CFLsteve made some excellent points about the SAM position, which is absolutely unique to Canadian football and without equivalent in CIS, US college, or NFL.
To his post, I'd just add that CFL defenses have evolved schematically to take away the West Coast offense that Trestman and Hufnagel popularized from 2008 onwards. DCs have figured out that pressure and combo coverages behind the defensive front have a statistically better chance of success. Take away the short game, pressure the QB, and dare him to beat you with low-percentage deep balls down the field.
LaPolice has an excellent column on this very issue: http://www2.tsn.ca/cfl/story/?id=461018
The four main reasons LaPo lists are Canadian ratio-changers, addition of a fourth DI, personnel changes/injury, and evolution of defensive coverage. On the latter topic, he notes:
Defences have had to evolve to handle the offences of today and they have done a great job of it. When I was a coordinator in 2002 and 2003, the coverages you would see were much simpler; a lot of man coverage and forms of Three Deep coverage. Now a days, there are a lot of combination coverages and what is called pattern reading where DBs and LBs run underneath and right to cover the routes that they recognize compared to dropping into designated zones on the field. The defensive coaches in the league are very good and know what they are doing. They deserve a lot of credit for the job they do.

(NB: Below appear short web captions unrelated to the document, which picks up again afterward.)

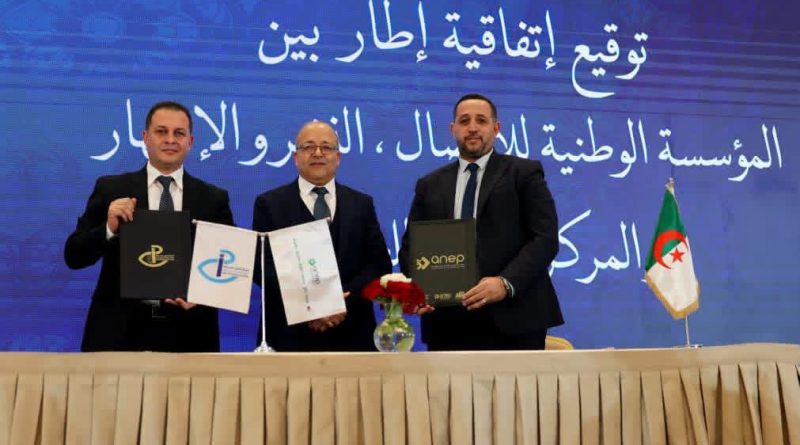 اتفاقية تعاون بين “أناب” و “سي يي سي” لتطوير آليات العمل المشترك اتفاقية تعاون بين “أناب” و “سي يي سي” لتطوير آليات العمل المشترك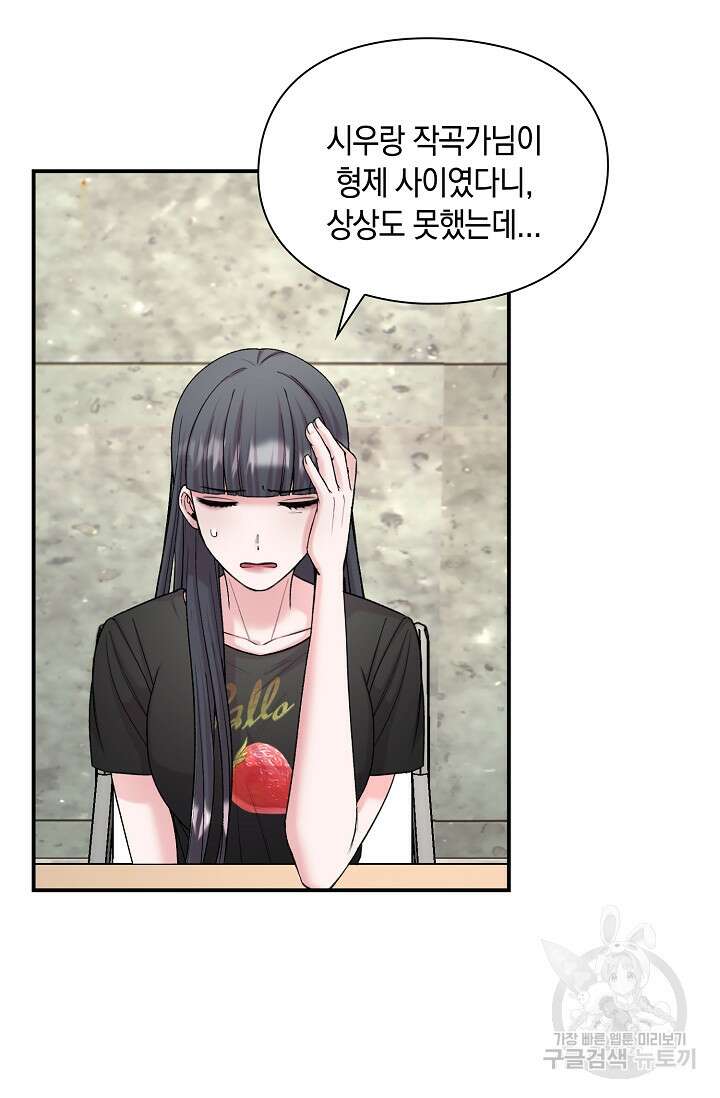 연생대딩 43화 18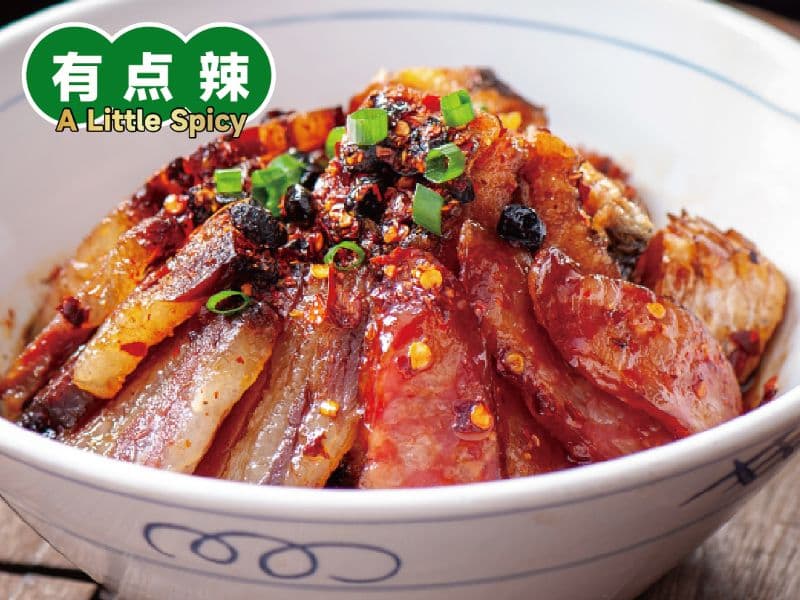 Steamed Cured Meat with Fermented Black Beans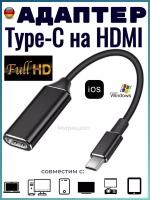 Адаптер Type-C на HDMI female 2.0 4k, 15см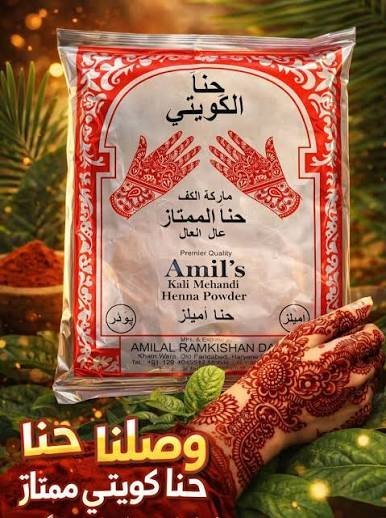 حنا كويتي( حناء طبيعي)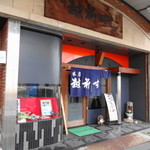 Echizen Sushi Hon Ten - 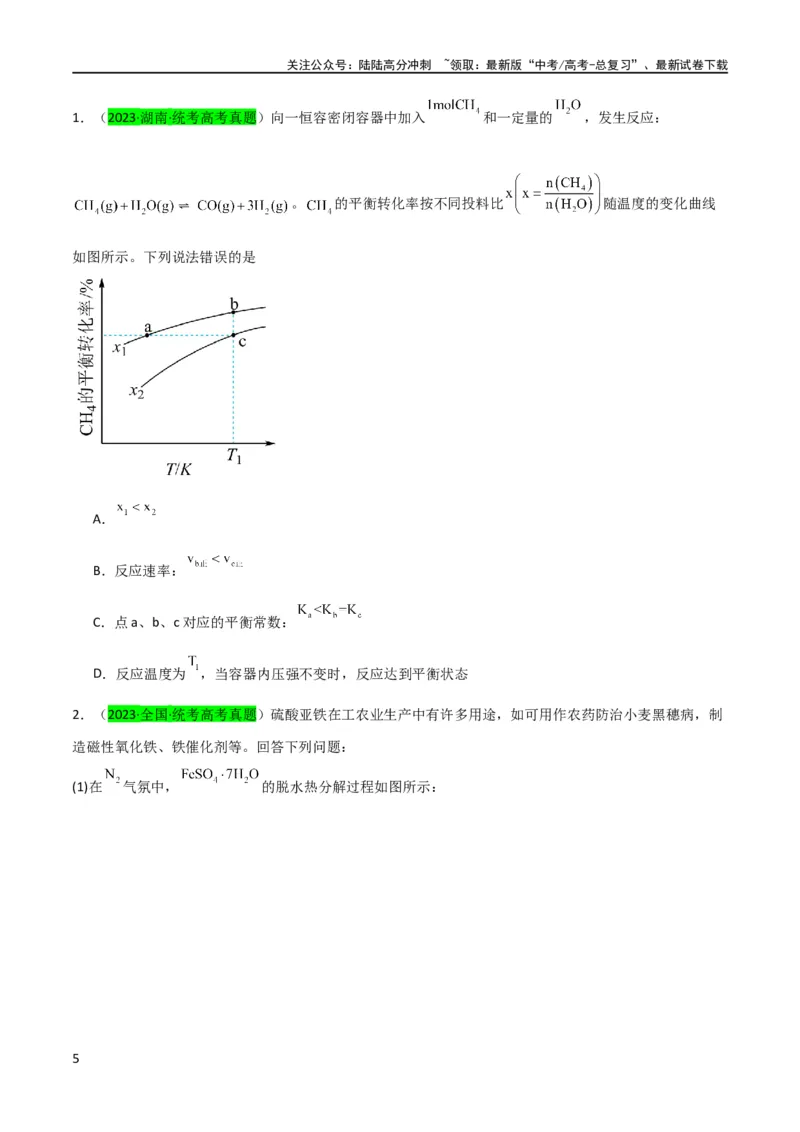 《（升级版）微专题42四大平衡常数的计算与应用-备战2024年高考化学考点微专题（学生版）(全国版)_05-化学-高考总复习_一轮复习_2024年_2024高考化学一轮复习考点微专题考情分析经_资料》第5页预览
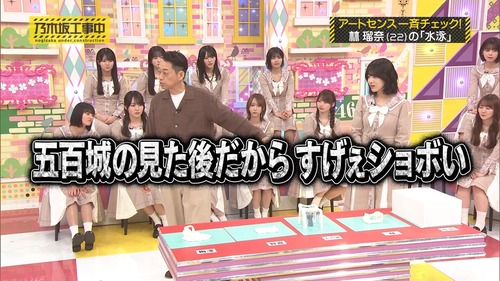 日大芸術学部卒の林瑠奈さんの作品に設楽「すげぇショボい」 | 日大芸術学部卒の林瑠奈さんの作品に設楽「すげぇショボい」 | 日大芸術学部卒の林瑠奈さんの作品に設楽「すげぇショボい」 | 日大芸術学部卒の林瑠奈さんの作品に設楽「すげぇショボい」 | アイドルまとめ速報 ドル速(画像15033307264537_4)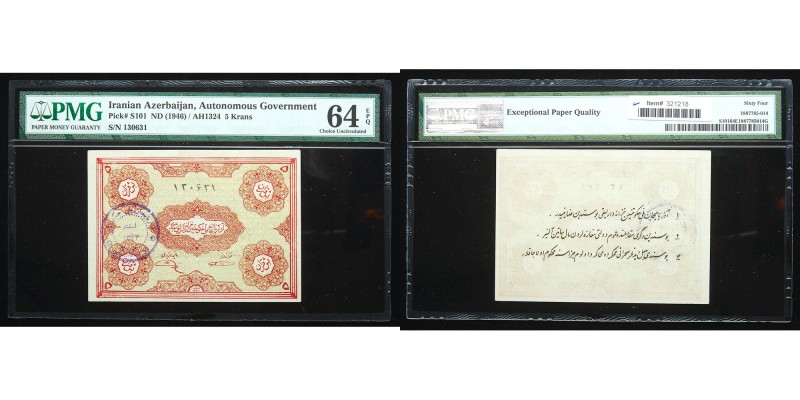 Iranian Azerbaijan. Autonomous Government. ND (1946) AH 1324 5 Krans. Pick# S101...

The point about combo coverages is important. Instead of just playing straight man or iterations of 3 deep, defenses are employing a mix of man and zone coverage on a given play, made possible because of the football intelligence of DBs who can pattern-read on the fly. The latter type of player is much harder to beat than a DB who just drops into a particular zone or plays straight man. You have to actively scheme to take him out of the play, and if you do, you expose yourself elsewhere.
My overall point is that everything is cyclical. Defenses have responded to offensive changes over the past seven or eight years. Now the onus is on offenses to catch up. We've already seen versions of the new CFL offense with what SSK is doing with a three-pronged ground attack. The Als were actually forced to adopt a similar playbook in 2012 due to injury and this year, they are slowly incorporating just such an attack with Whitaker, Sutton, and Rogers as the end-around threat comboed with the odd QB draw.
OCs will eventually realize that jumbo sets and a multi-dimensional ground attack are the keys to attacking a pressure defense. Once teams adopt that strategy, defenses will be forced to evolve in their turn.